(AVAILABLE RECORDS)
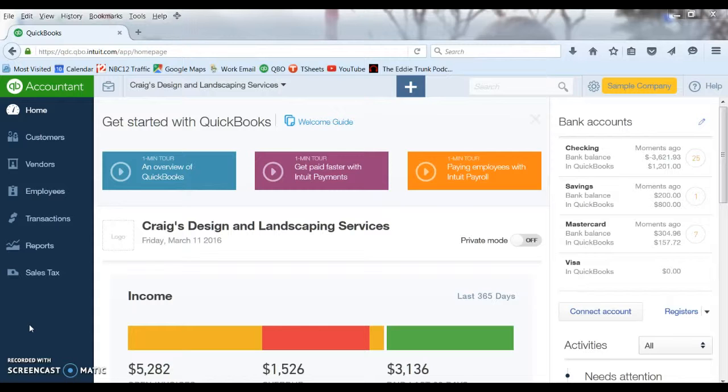This works for bank accounts, checking and savings accounts, credit card accounts, loan accounts, pretty much anything that is run through any of your online banking you can connect to QuickBooks. The transactions download directly in here.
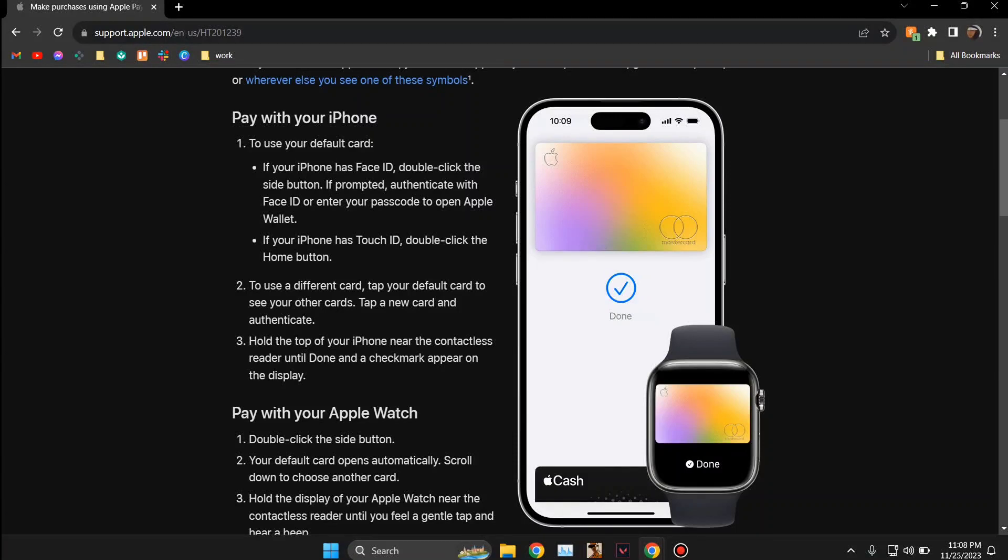Hey guys, today I'm going to tell you how to pay with Apple Pay in the App Store. Make sure you watch till the very end to understand the entire process step by step. First, you need to head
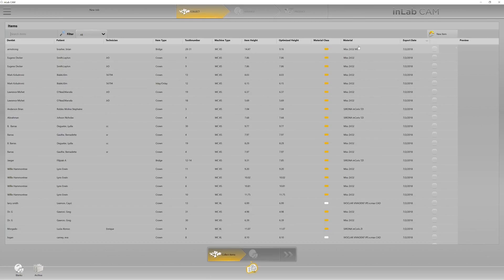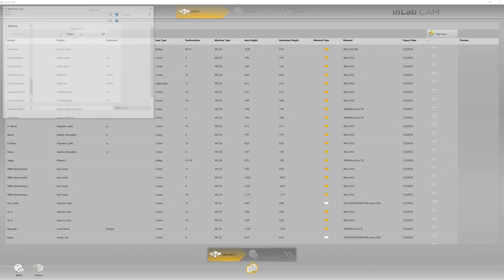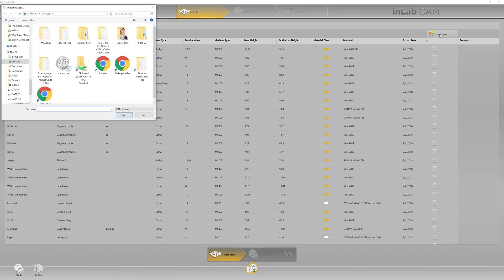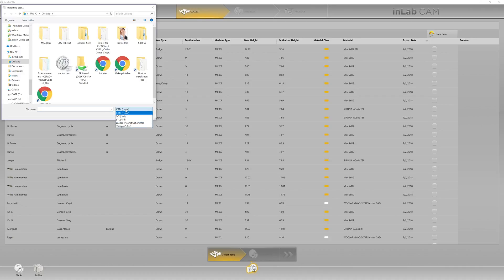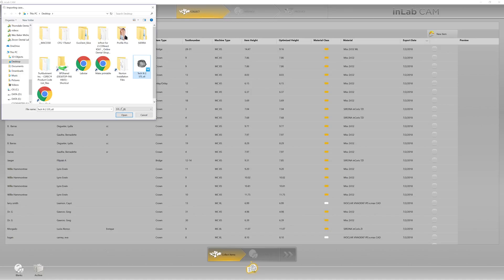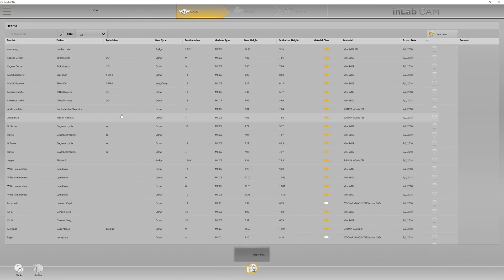Then we're going to go to new item in the upper right hand corner of our item list. Notice that I do not see an STL file here on my desktop because it is designated looking for CAM files. I go down here to look for my STL. Right there it is and I hit open.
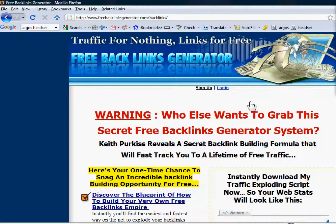Hello! In this video I'm going to show you how to customize the free backlinks generator.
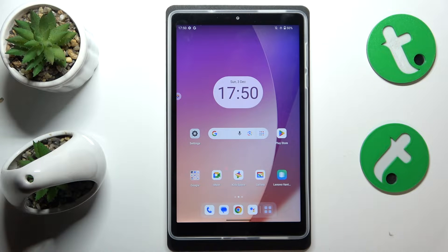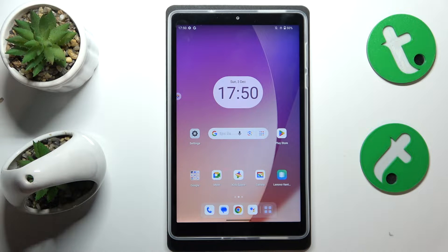This is Lenovo Tab M8 4th Gen, and today I'll show how you can fix the incoming phone call receptivity issues on this device.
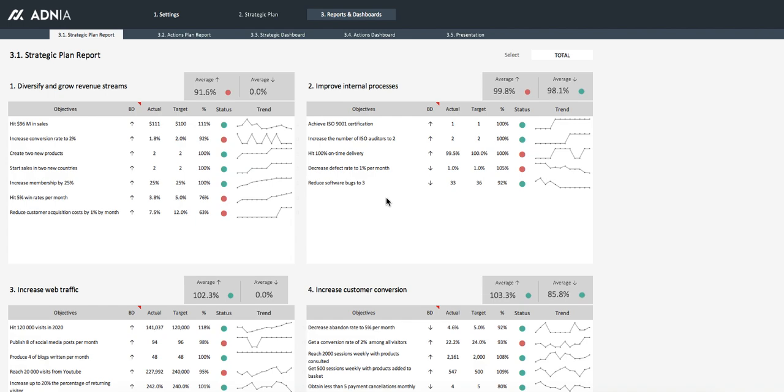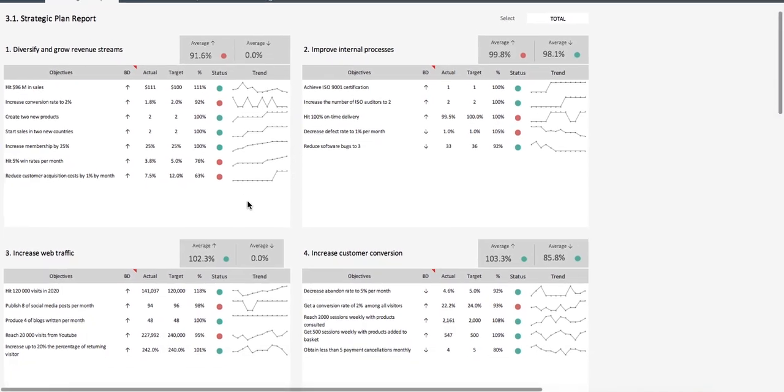Let's have a glance at the dashboard. You have different pages that visualize different aspects of the strategic planning. In here, we have all metrics broken down by goals and objectives and compared with our target.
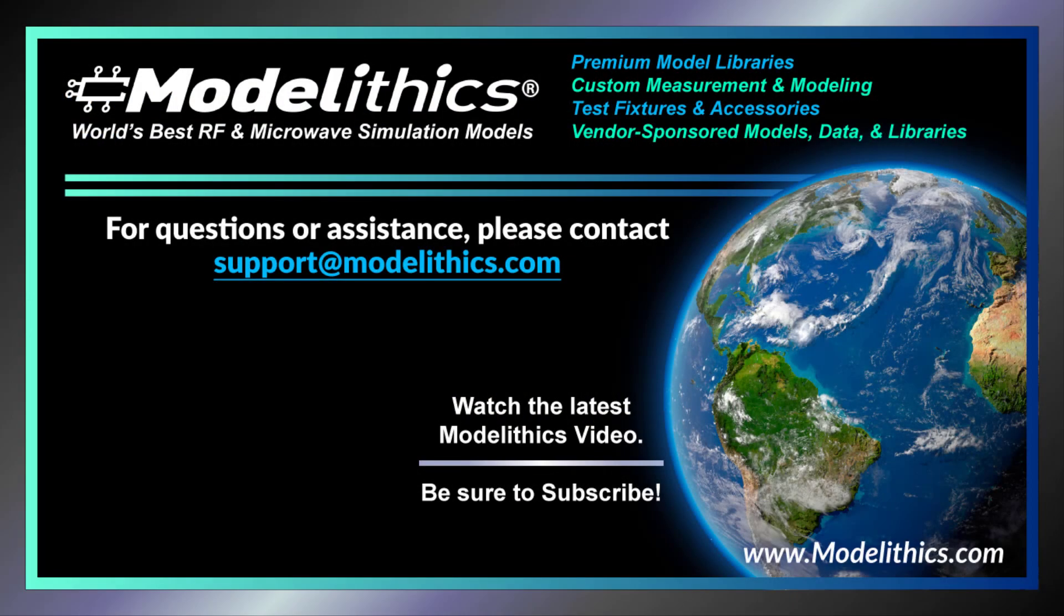Well, we hope you enjoyed this quick start video. Please let us know if you have any questions or need assistance. Thanks.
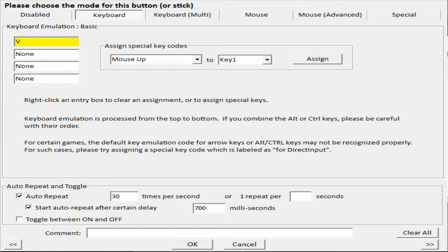You want to hit auto-repeat 30 times per second, and then you want to have a 700 millisecond delay, and you want to check start auto-repeat after certain delay. The reason why you want to do this is because if you don't do this, you can't menu for the rest of the game. Whenever you hit triangle or circle or anything, it just freaks out and it'll cancel the menu, and you can't access your menu for equips or anything like that.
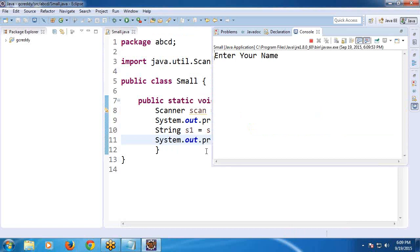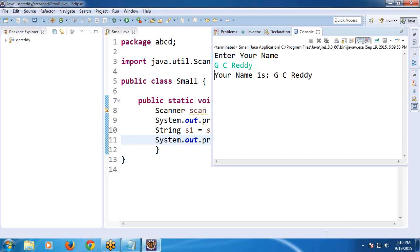See, enter your name. Enter. See, first message, enter your name. That is meaningful message, user friendly message. Next, we entered input as G C Reddy, then it is displaying your name is G C Reddy. Just a minute.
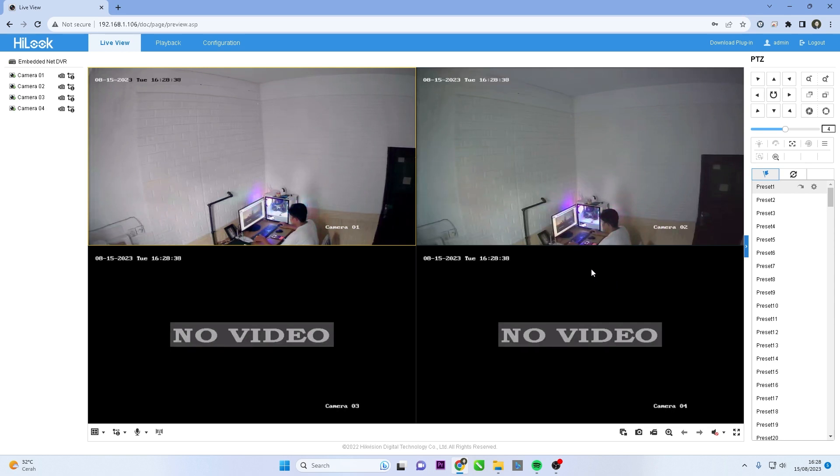That's it. How to fix Hiluk DVR live view issue in web browser.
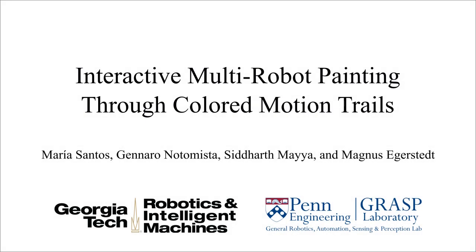For more information, please check out our paper in Frontiers in Robotics and AI. Thank you for watching.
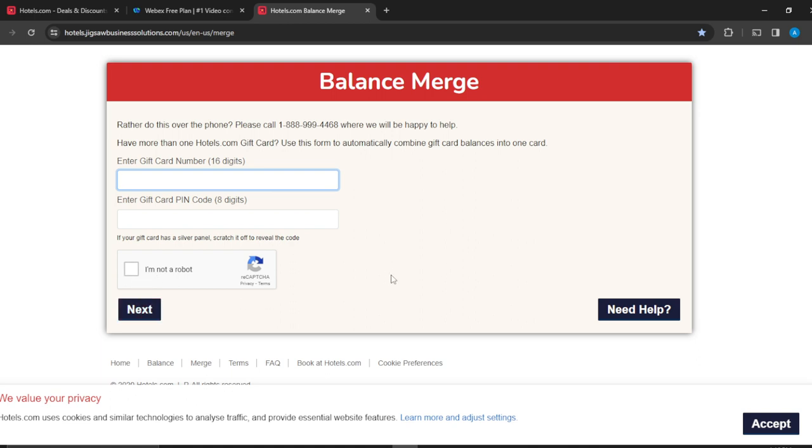This is the process: just enter the card details and PIN code, select 'I'm not a robot,' and click Next, and they're going to tell you what to do next, which will be very helpful. You can go through this tutorial from top to bottom to get acquainted with the steps, and once you're done, you'll be good to go. I hope this tutorial helped you.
(End AVAILABLE RECORDS)
• WORK TO COMPLETE
The line containing "Hey guys, today" marks the end: copy exactly every line from the start of the records up to and including it, leaving out the pictures.

• ANSWER FOR THE TASK
This works for bank accounts, checking and savings accounts, credit card accounts, loan accounts, pretty much anything that is run through any of your online banking you can connect to QuickBooks. The transactions download directly in here.
Hey guys, today I'm going to tell you how to pay with Apple Pay in the App Store. Make sure you watch till the very end to understand the entire process step by step. First, you need to head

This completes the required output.